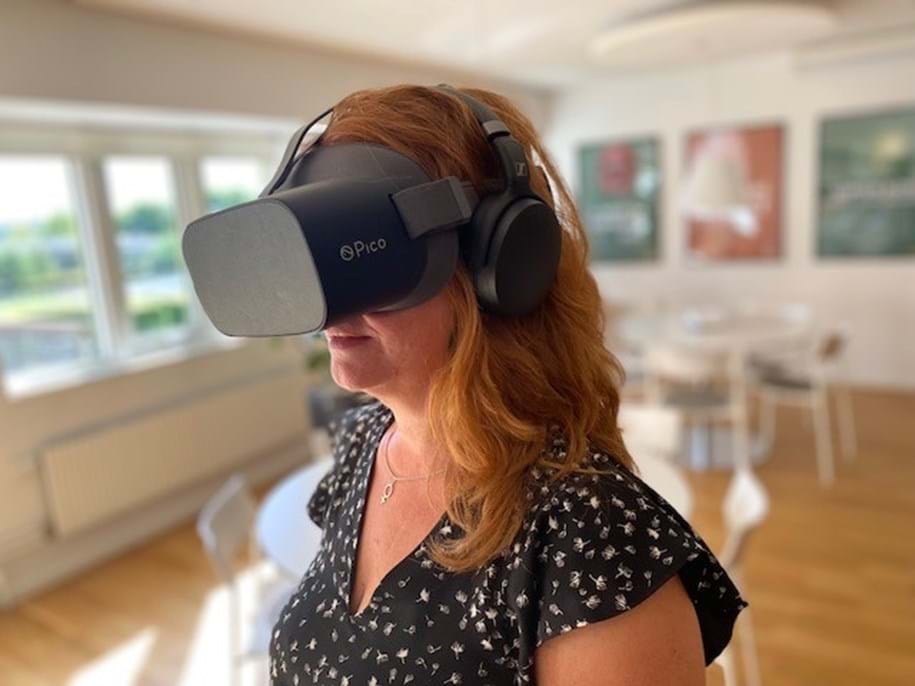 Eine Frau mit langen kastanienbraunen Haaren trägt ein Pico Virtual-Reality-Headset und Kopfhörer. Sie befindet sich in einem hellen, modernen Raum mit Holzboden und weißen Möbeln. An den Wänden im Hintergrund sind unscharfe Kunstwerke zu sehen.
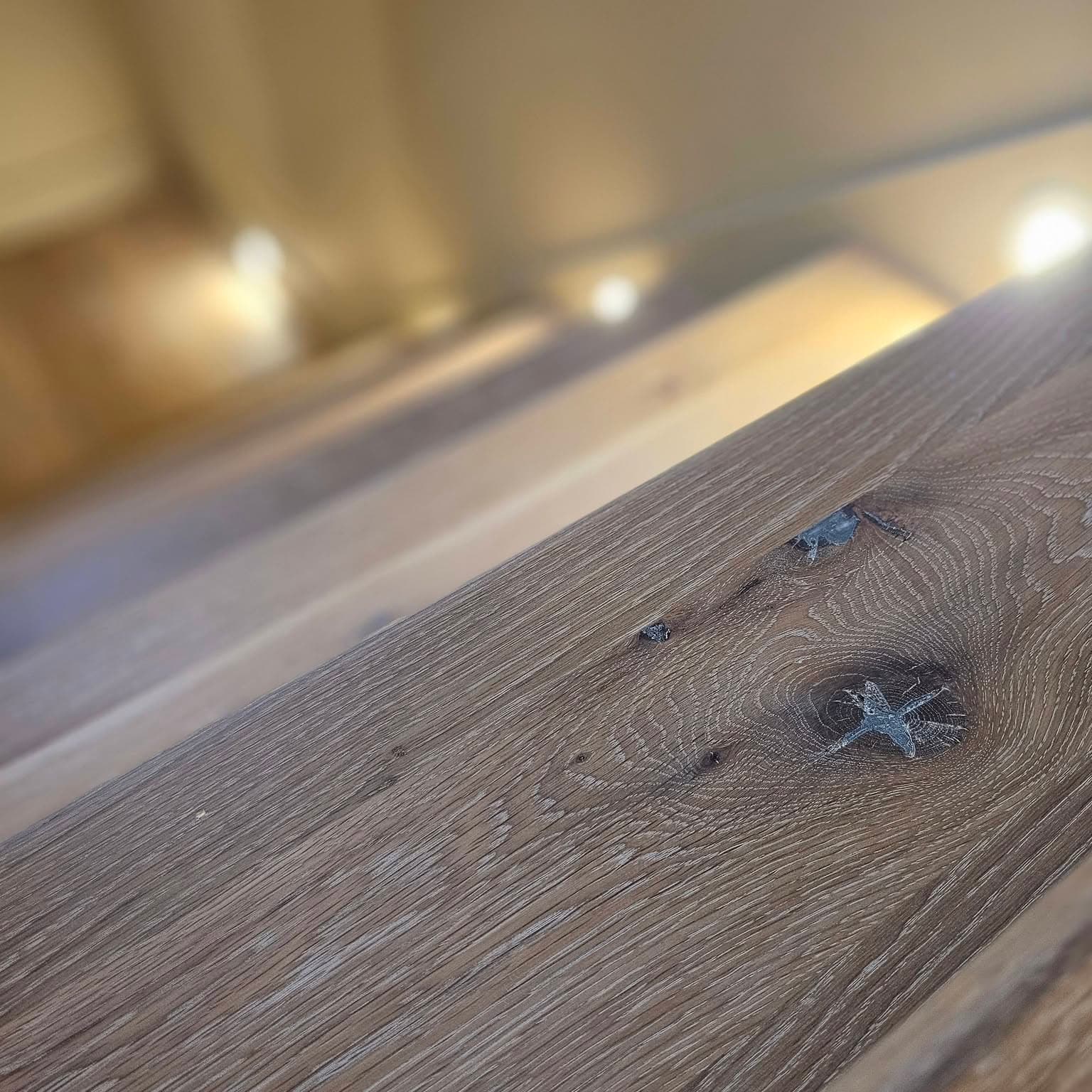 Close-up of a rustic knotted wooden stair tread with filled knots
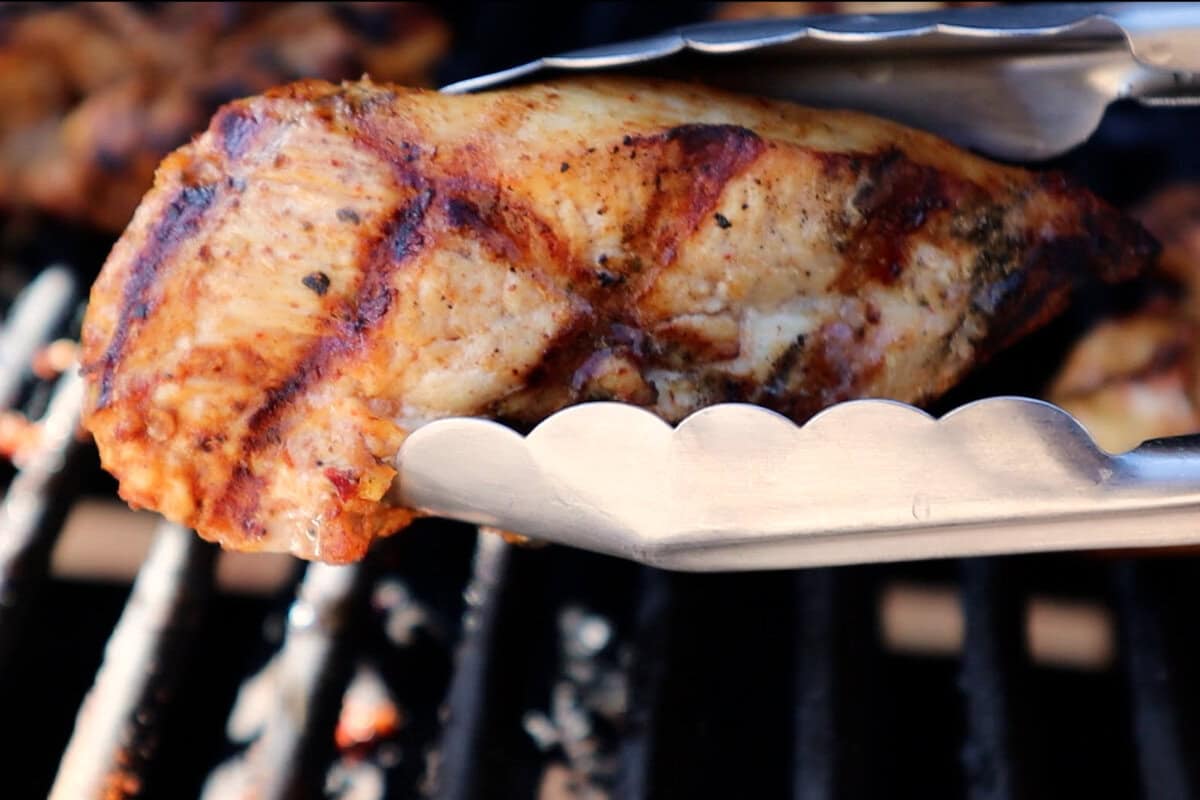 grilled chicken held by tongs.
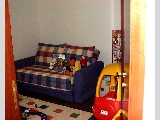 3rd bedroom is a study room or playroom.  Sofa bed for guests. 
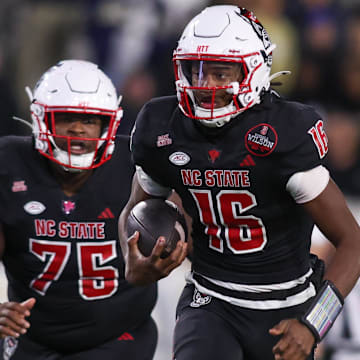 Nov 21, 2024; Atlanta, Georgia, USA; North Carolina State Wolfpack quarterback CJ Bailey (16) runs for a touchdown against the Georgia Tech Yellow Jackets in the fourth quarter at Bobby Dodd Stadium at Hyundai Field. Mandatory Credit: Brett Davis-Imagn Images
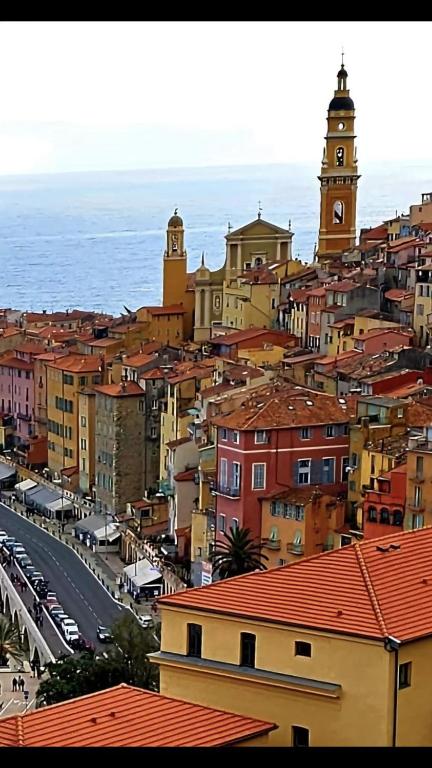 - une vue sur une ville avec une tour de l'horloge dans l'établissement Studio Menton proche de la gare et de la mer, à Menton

---

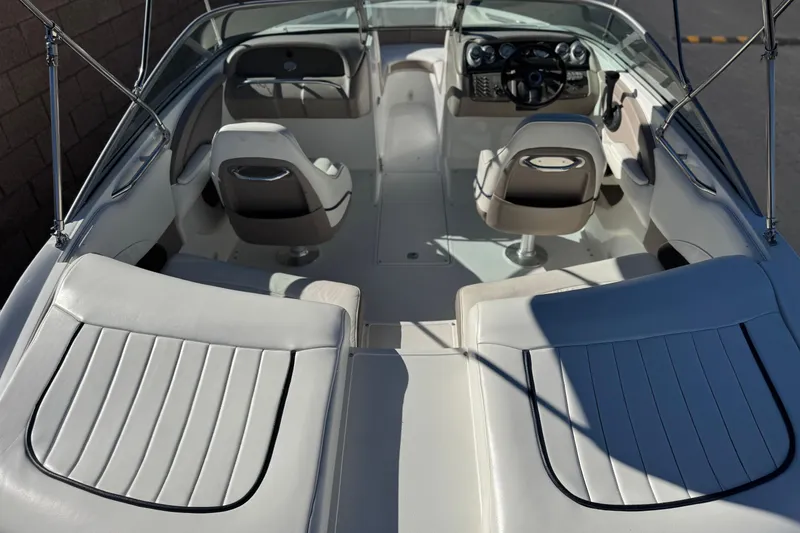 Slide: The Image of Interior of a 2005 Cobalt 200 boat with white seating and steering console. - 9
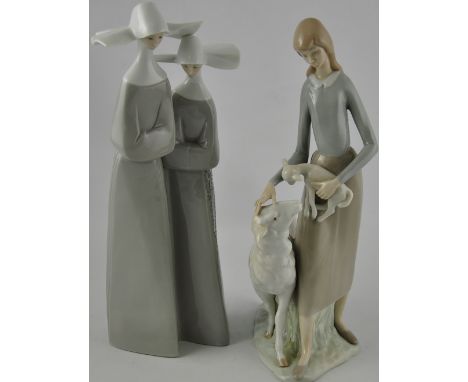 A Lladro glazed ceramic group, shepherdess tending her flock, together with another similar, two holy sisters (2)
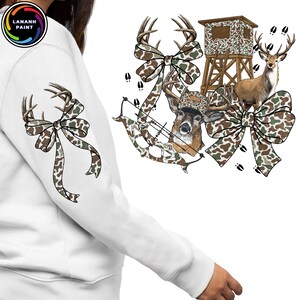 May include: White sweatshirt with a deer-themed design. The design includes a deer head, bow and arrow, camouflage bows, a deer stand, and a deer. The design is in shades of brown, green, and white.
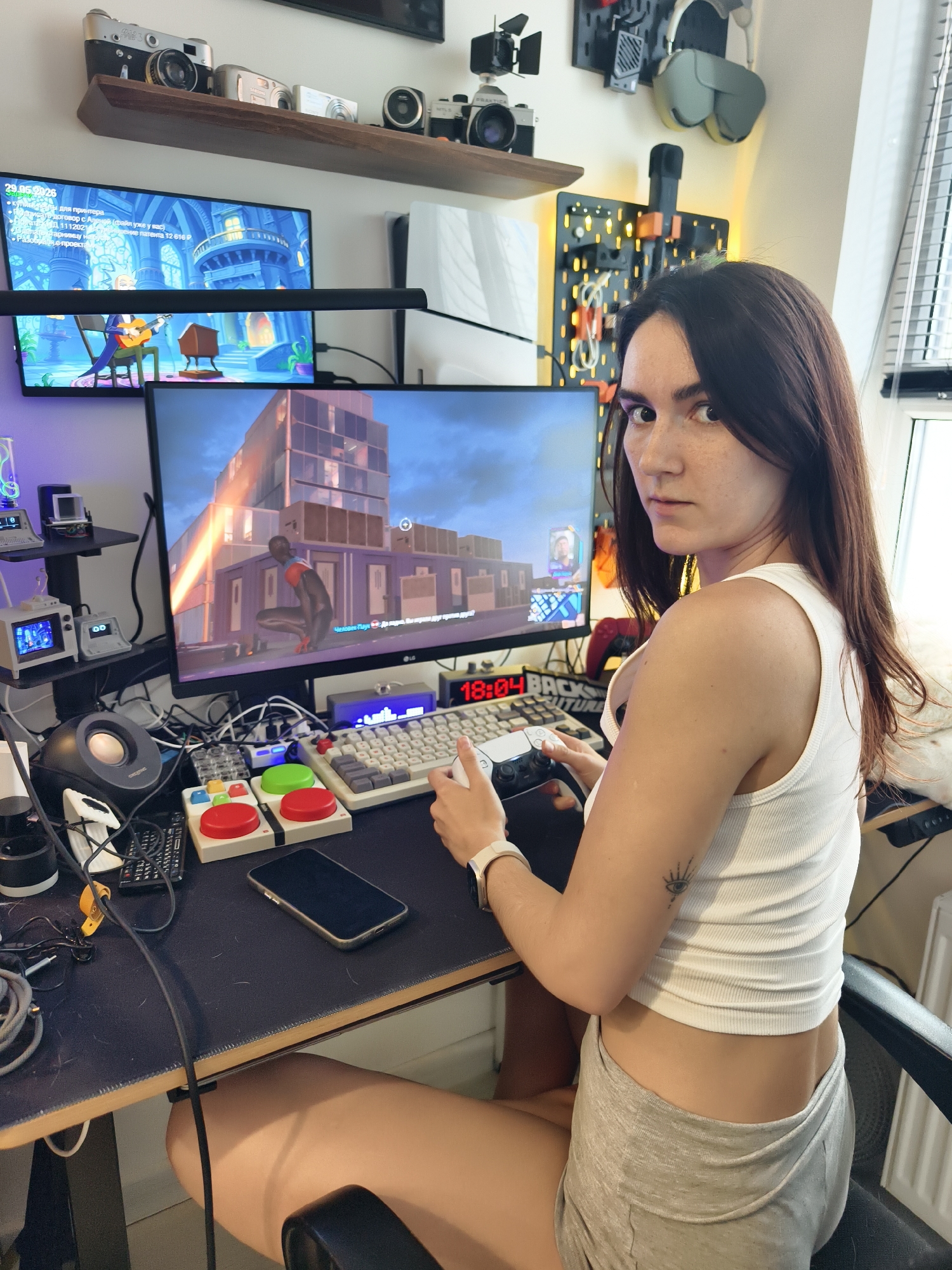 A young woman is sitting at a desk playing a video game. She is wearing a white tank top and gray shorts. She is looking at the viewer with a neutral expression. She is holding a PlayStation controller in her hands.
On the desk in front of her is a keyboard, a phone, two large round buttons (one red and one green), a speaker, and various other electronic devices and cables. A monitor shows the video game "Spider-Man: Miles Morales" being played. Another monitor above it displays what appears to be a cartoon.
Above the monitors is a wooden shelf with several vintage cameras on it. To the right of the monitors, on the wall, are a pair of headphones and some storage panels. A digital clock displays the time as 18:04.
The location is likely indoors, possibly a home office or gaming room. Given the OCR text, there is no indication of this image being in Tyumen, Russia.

### WHAT THIS TASK INVOLVES
Above, find the line with "Slide: The Image"; copy it and every line down to the line with "May include: White", exactly and both included, but no pictures.

### SOLUTION FOR THIS TASK
 Slide: The Image of Interior of a 2005 Cobalt 200 boat with white seating and steering console. - 9
 A Lladro glazed ceramic group, shepherdess tending her flock, together with another similar, two holy sisters (2)
 May include: White sweatshirt with a deer-themed design. The design includes a deer head, bow and arrow, camouflage bows, a deer stand, and a deer. The design is in shades of brown, green, and white.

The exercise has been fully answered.